__Dataset__

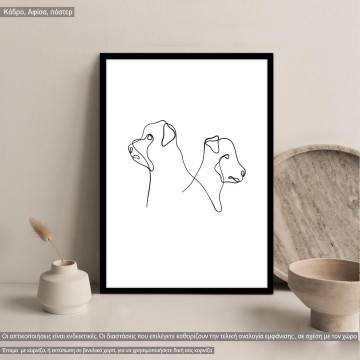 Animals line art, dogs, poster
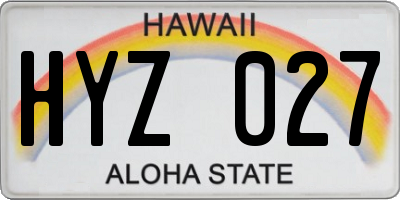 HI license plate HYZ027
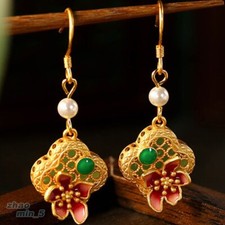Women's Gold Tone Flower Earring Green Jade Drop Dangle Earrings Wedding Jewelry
--
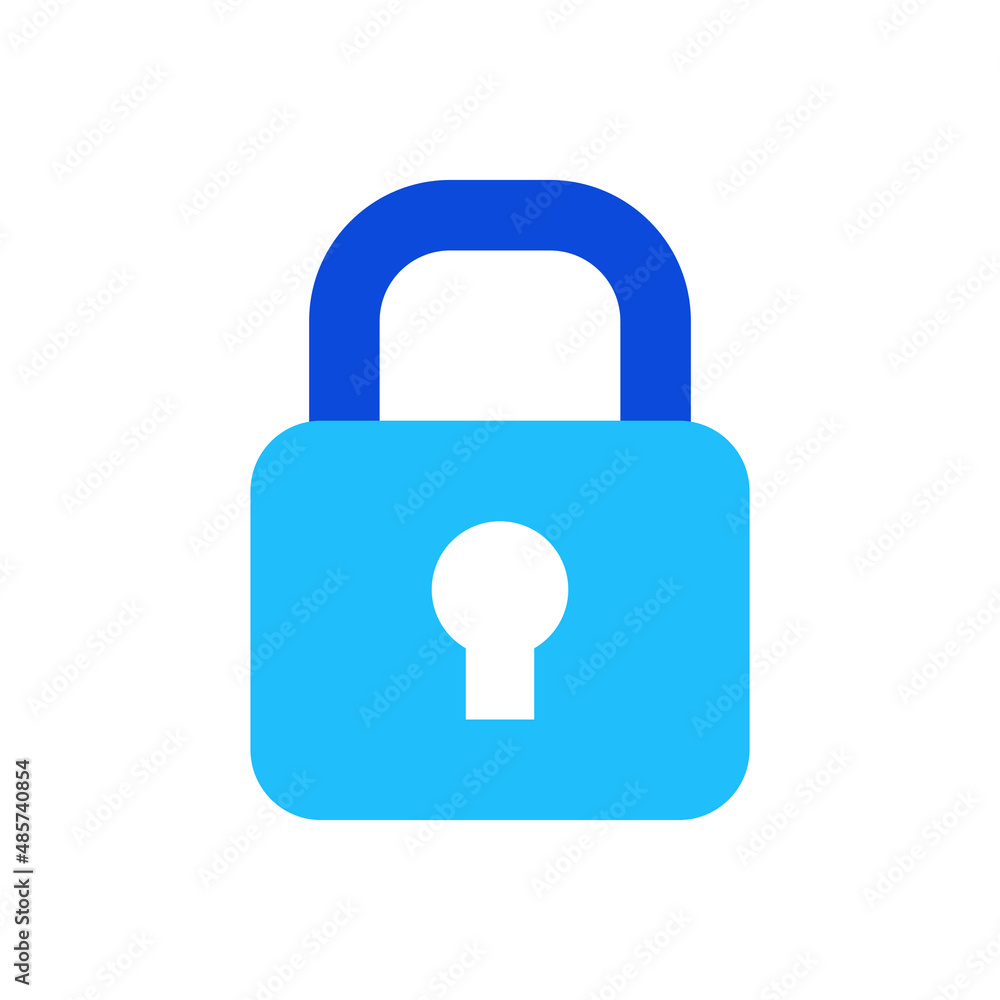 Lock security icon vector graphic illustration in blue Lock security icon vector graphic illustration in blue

__Work instruction__
Taking the material above, give again exactly the lines from the one holding "Animals line art, dogs, poster" through the one holding "Women's Gold Tone", with both ends and without pictures.

__Exercise answer__
 Animals line art, dogs, poster
 HI license plate HYZ027
Women's Gold Tone Flower Earring Green Jade Drop Dangle Earrings Wedding Jewelry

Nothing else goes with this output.